Palin sacudió la cabeza, nada convencido.

—Me habló —insistió.

Esperaba una réplica sarcástica de Dalamar, pero el elfo oscuro no estaba de humor para bromear, al parecer, ya que subió los peldaños que conducían hasta el laboratorio sin decir palabra.

—Conozco a esa chica, Dalamar.

El elfo se detuvo y se volvió para mirarlo fijamente.

—¿Qué?

—Hacía mucho tiempo que no la veía, desde que se escapó. Era una huérfana. Un pescador la encontró en la playa, donde la había arrastrado la corriente, en la isla de Sancrist. La llevó a la Ciudadela de la Luz, al asilo de huérfanos, y se convirtió en la favorita de Goldmoon, casi una hija para ella. Hace tres años escapó. Había cumplido los catorce en aquel tiempo. Goldmoon estaba desconsolada. Mina tenía un buen hogar, la querían, la mimaban; parecía feliz, sólo que en mi vida nunca había visto a una criatura que hiciese tantas preguntas como ella. Nadie entendió por qué se escapó. Y ahora... Es una dama negra.

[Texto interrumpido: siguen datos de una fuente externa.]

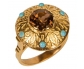 Gold Vintage Ring with a Brown Topaz side view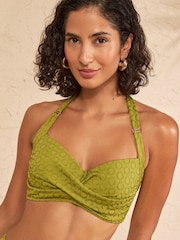 Love & Roses Lime Green Crochet Twisted Moulded Cup Bikini Top - Image 1 of 4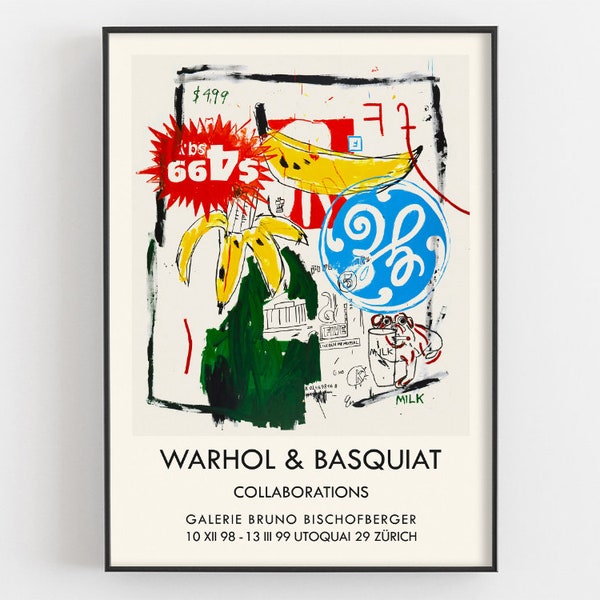 Warhol & Basquiat Collaboration Artwork, Bananas Exhibition Poster, Jean Michel Giclée Print, Andy Warhol Wall Decor, Fan Art Gift Idea, GE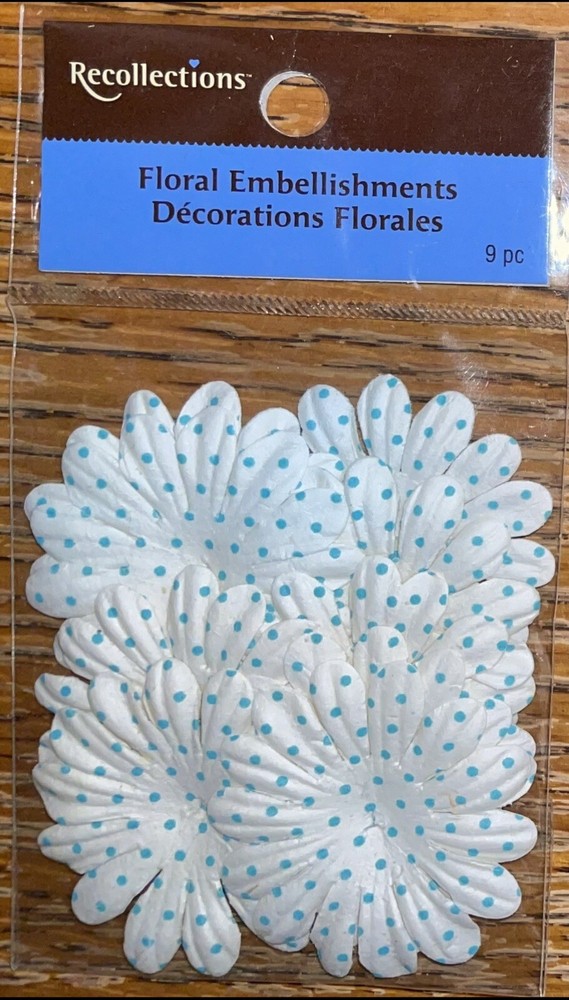 Recollections White Blue Polka Dots 12pc Floral Flowers Scrapbook Embellishments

A Goldmoon se le romperá el corazón.

—Qué extraño —comentó, pensativo, Dalamar, y continuaron subiendo la escalera—. Así que la crió Goldmoon...

—¿Crees que es verdad lo que dijo sobre Tas y el artefacto? —preguntó Palin mientras salían de la escalera secreta.

—Por supuesto que lo es —contestó el elfo, que se dirigió hacia una ventana y contempló los cipreses—. Eso explica por qué huyó el kender. Temía que lo descubriéramos.

—Y lo habríamos hecho, si nos hubiésemos molestado en considerar detenida y racionalmente el asunto, en lugar de dejarnos llevar por el pánico. ¡Qué necios somos! El ingenio vuelve siempre con la persona a la que pertenece. Incluso en piezas, siempre vuelve.

La frustración de Palin era obvia; sentía la imperiosa necesidad de hacer algo, pero no podía hacer nada.

—Podrías buscarlo, Dalamar. Al menos tu espíritu puede recorrer este mundo...

—¿Y hacer qué? —demandó el otro hechicero—. Si lo encontrara, lo que sería un milagro portentoso, lo único que conseguiría sería asustarlo de tal modo que se ocultaría más hondo en el agujero que quiera que se haya metido.

Dalamar había seguido mirando a través de la ventana y, de repente, se puso tenso.

—¿Qué pasa? —preguntó, alarmado, Palin.

Dalamar no contestó y se limitó a señalar al exterior.

Mina caminaba a través del bosque, sobre las secas agujas de las coniferas.

Los muertos se agrupaban alrededor de Mina. Los muertos se inclinaban ante ella.

22

Reunión de viejos amigos

Un kender nunca se siente mal durante mucho tiempo, ni siquiera, como era el caso de Tas, después de haber topado con su propio fantasma. Cierto, había sido muy impresionante, y Tasslehoff todavía experimentaba una desagradable náusea cada vez que lo pensaba, pero sabía cómo manejar lo de las arcadas. Contenía la respiración mientras bebía cinco sorbos de agua, y entonces la náusea desaparecía. Hecho esto, su siguiente decisión fue que tenía que abandonar aquel sitio terrible donde los muertos iban por ahí revolviéndole a uno el estómago. Tenía que marcharse, cuanto antes, y no volver nunca, nunca.